As the British were locking the Militia in the church, the Colonial Army moved into position outside of town to launch a surprise attack on the British company. They were spotted by a British scout, and the British redcoats quickly fortified their positions around Philadelphia to prepare to defend themselves against the oncoming attack. What the British failed to do was securely lock the Church and assign guards to prevent any of the prisoners from breaking out while the fighting was going on around Philadelphia. The prisoners inside the church, led by Colonel John Armstrong, were able to break through some windows once they realized there were no guards watching over them. The prisoners all escaped from the Church and went to their local hideouts to get ahold of all of their muskets.

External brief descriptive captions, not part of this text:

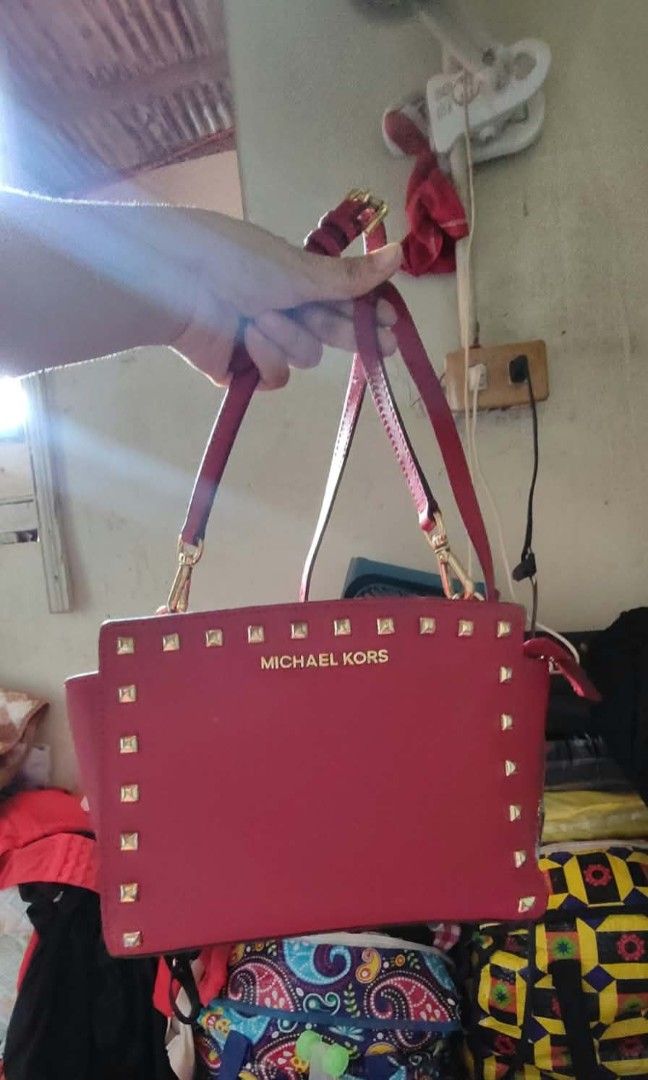 Mk selma red (Category: Cross-body Bags) located in Las Pinas. Submitted by anne1411 (Listing ID 1465222791, Image 1). Description: meduim size, spacious, ykk zipper. issue: tignan picture with free bag. mk gray color.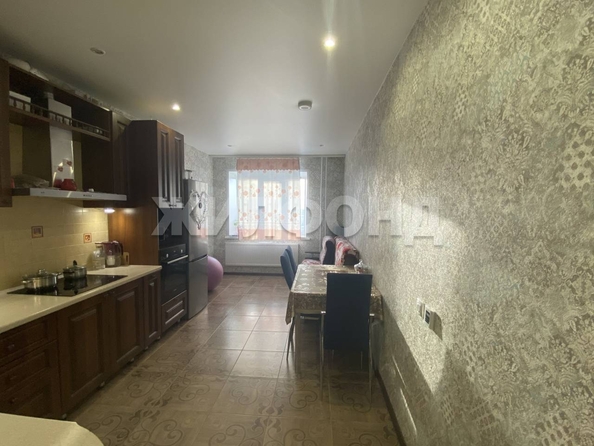 
   Продам 3-комнатную, 84.1 м², Сержанта Коротаева ул, 1

. Фото 4.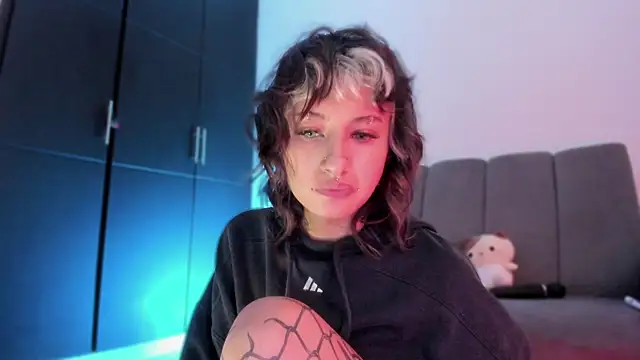 Snapshot of vandalovee_ chatting on 05-30-26, 05:43 vandalovee online show from 05-30-26, 05:43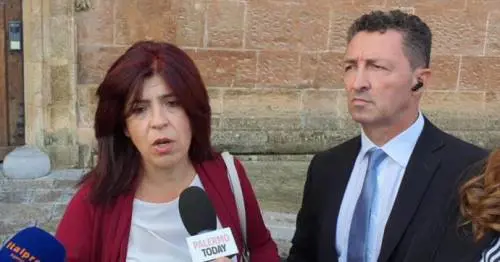 "Chiamiamo i carabinieri". Caos Green pass in Sicilia all'Ars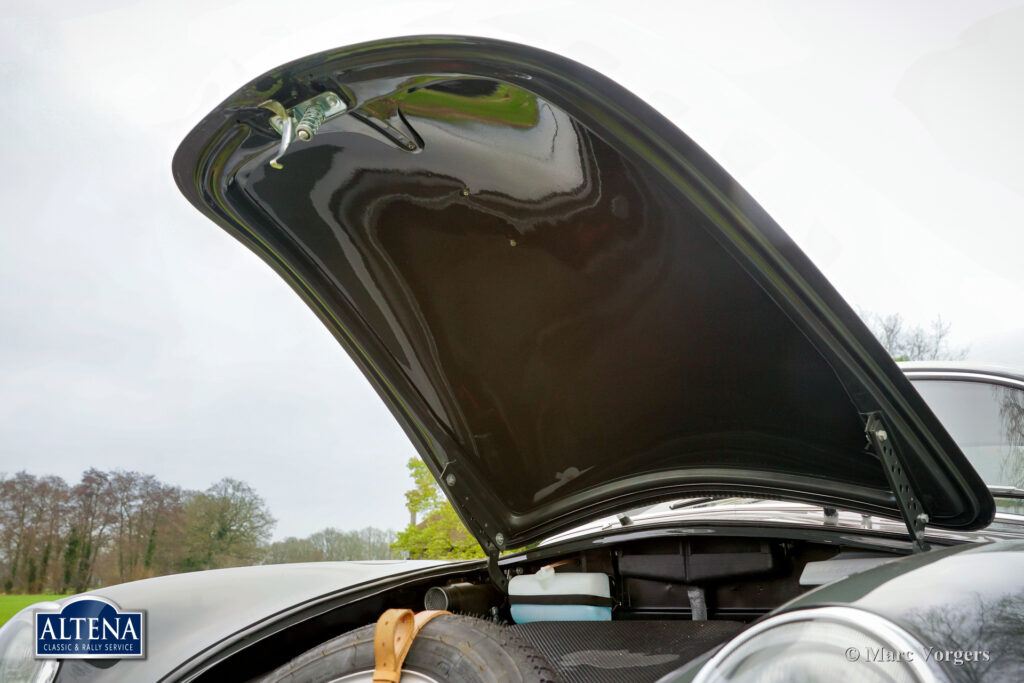 Porsche 356 SC Coupé, 1964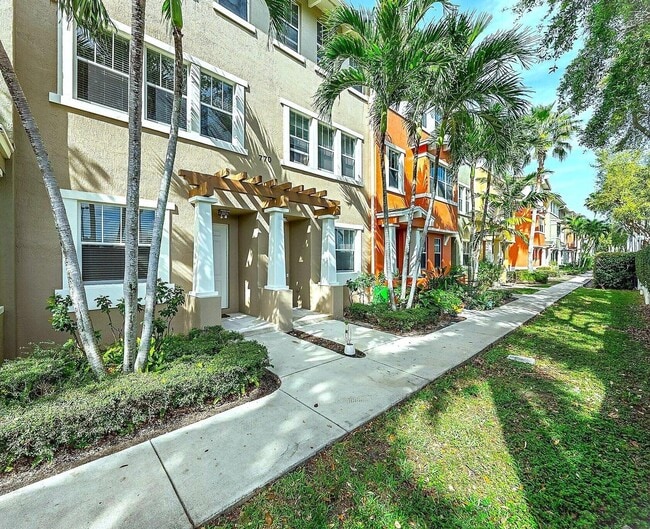 Building Photo - 770 Millbrae Ct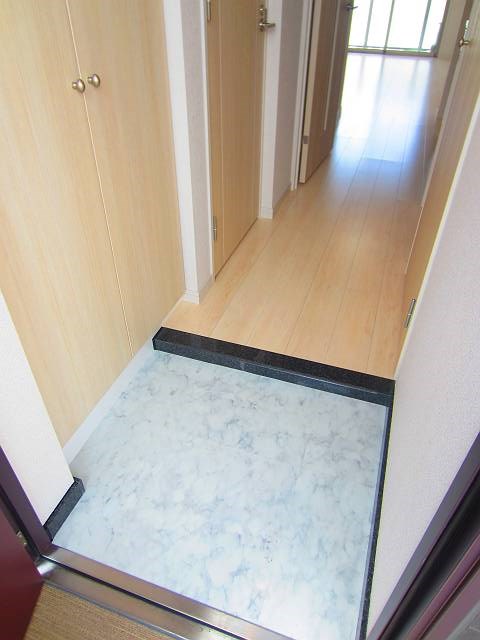 シュールフローレ 玄関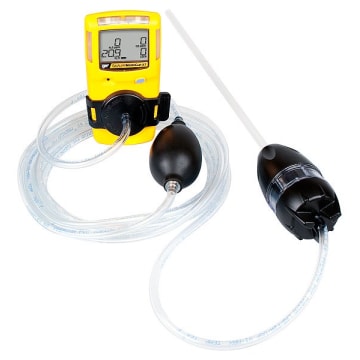 Bw Mc As01 Manual Aspirator Pump Kit With Probe 1 Ft 0 3m For Gasalert Detectors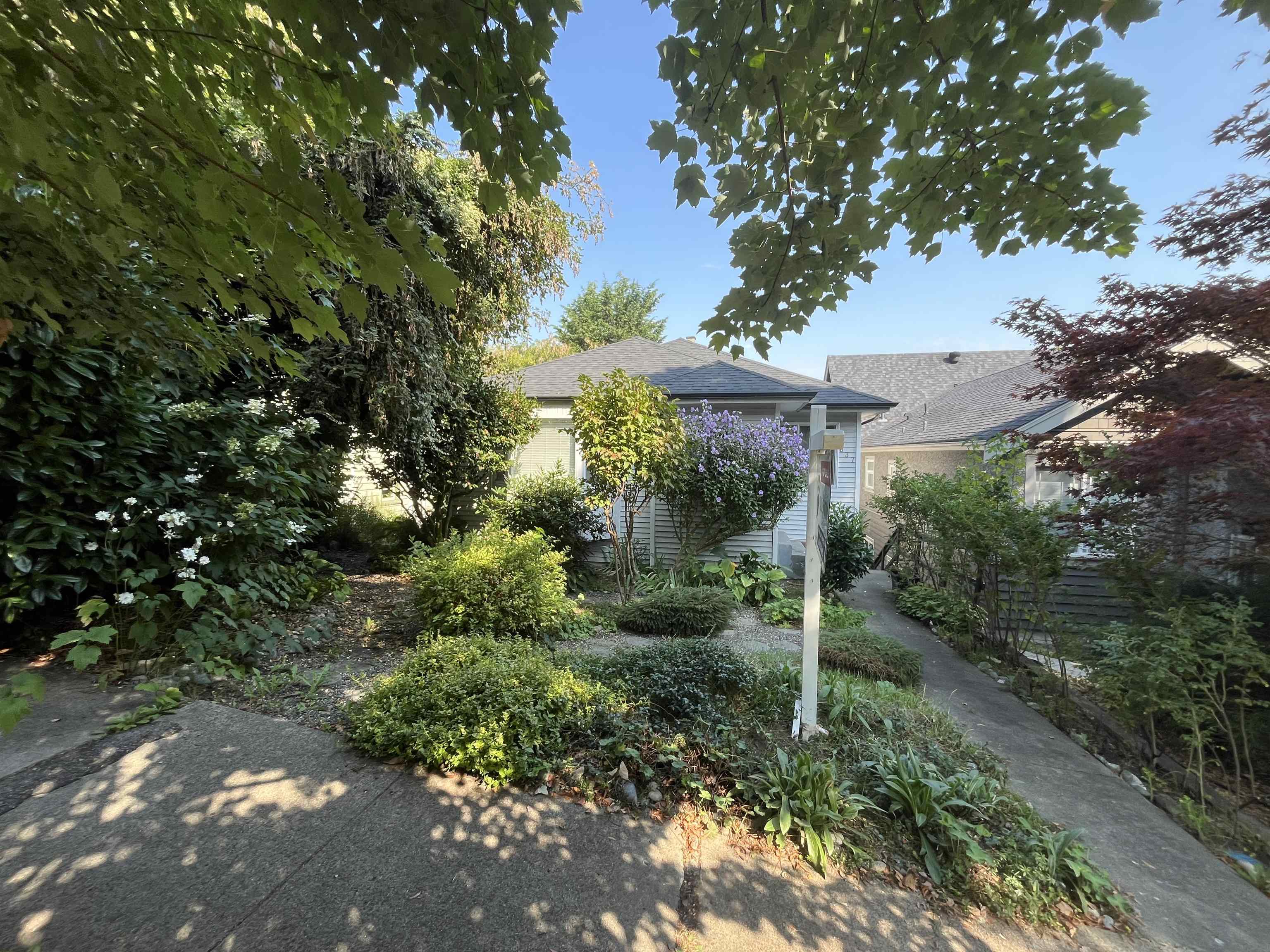637 W 24TH AVENUE, Vancouver BC V5Z 2B7, R3059586, BC,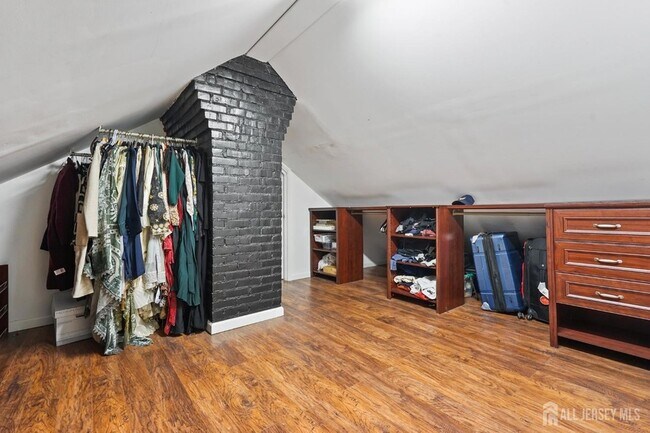 Building Photo - 95 Westons Mill Rd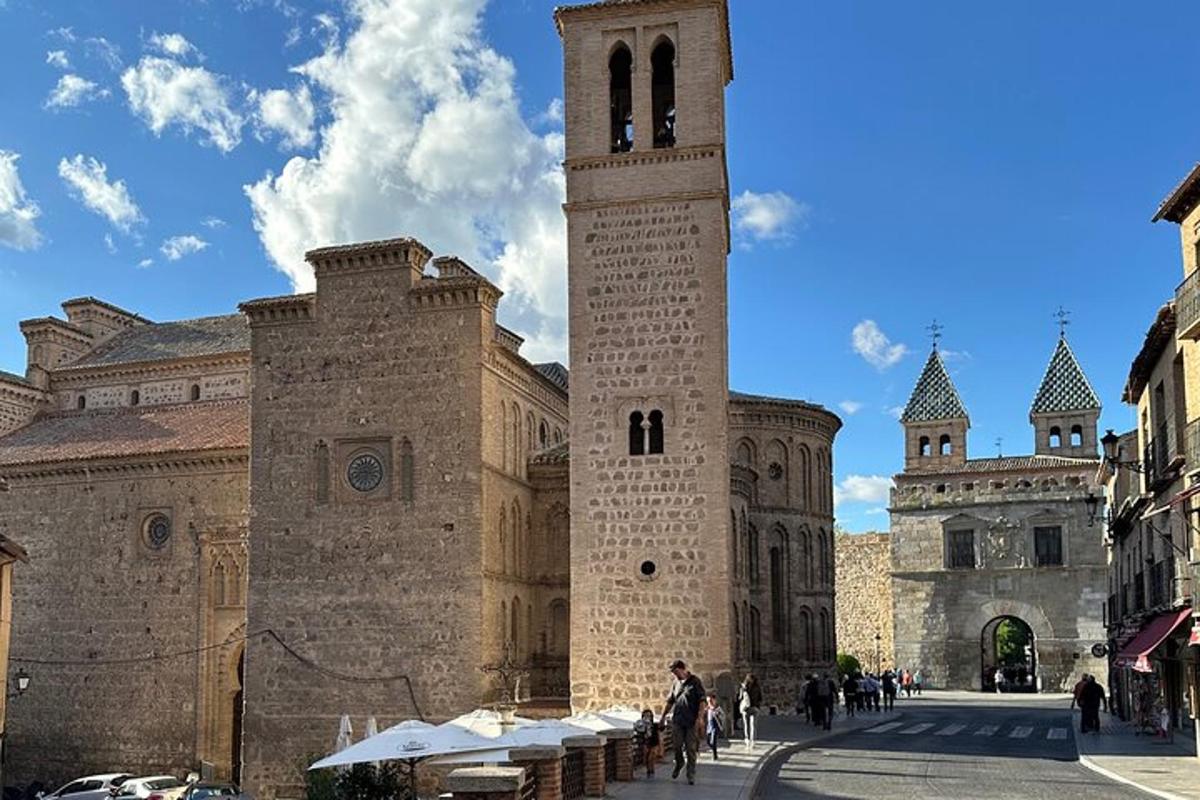 Un gran edificio con una torre de reloj en una ciudad.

While the British were preoccupied fighting the Colonial Army attacking them from the front, they did not notice the local Militia sneaking up on them from behind. Suddenly, the British company was surrounded and had cannons hitting them from one side with the Army charging at them, and from behind them they had over 100 Militia members on a hilltop firing down at them. The British General Lucas Greystone had no choice but to order a retreat into the center of Philadelphia where the British made one last stand in hopes of receiving reinforcements. On March 5th, after 2 days of fighting, the British surrendered to Armstrong and the Colonial Army. The British Company was almost entirely wiped out, they lost over 500 men and another 500 were captured as Prisoners of war. Out of those 1000 British soldiers, 200 were officer rank or higher. The blow proved to be fatal for the British army, which from that point on, only became weaker.